Red winter wheat, moong dal, collards

Isaac is home from school with strep throat. We’ve drawn a little book of bugs, drawn mixed-up dinosaurs (Isaac declared himself “pretty impressed” with my mixed up pteranadon/prehistoric shark!), and we’ve gone to the doctor, where he danced all around, charming the nurses, and didn’t seem very sick at all. It’s been a cold and rainy couple of days. Perfect for lying around in PJs drawing dinosaurs. Perfect for making brothy, flavorful stews in your slow cooker!! This stew combines hard red winter wheat, moong dal and collard greens – a green that can stand up to a long cooking-time if ever there was one! Hard red winter wheat (also called wheat berries, I think!) is pretty and very tasty, but needs to cook for a while (hello, slow cooker!).
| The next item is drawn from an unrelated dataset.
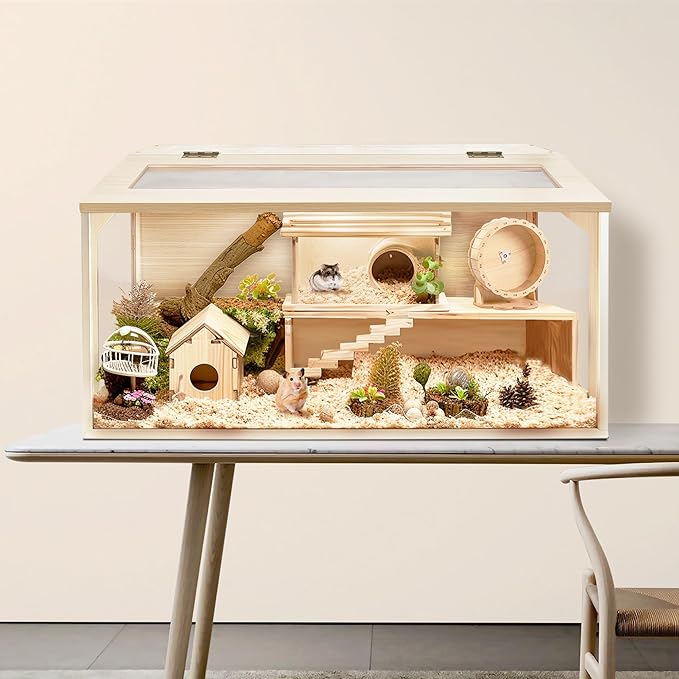 Prolee Hamster Cage Chewproof Wood, Mice and Rat Habitat Openable Top with Acrylic Sheets Solid Built, Small Animal Cage, 40 Inch Length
I chose to pair it with moong dal because whole moong dal, which also needs to cook for a very long time, is so bright and pretty and green, and looked so nice with the red winter wheat. An aesthetic culinary pairing! Of course, when they’re cooked they both pretty much look brown – but pretty tawny brown! If you don’t have moong dal on hand, you could use any other dried bean in this stew. Black-eyed peas might be nice!

The broth is smoky and a little sweet, with a kick of cayenne. The texture of the stew is quite nice – the moong dal becomes soft, the winter wheat remains a little chewy, and everything retains a bit of its original character, though it all goes well together.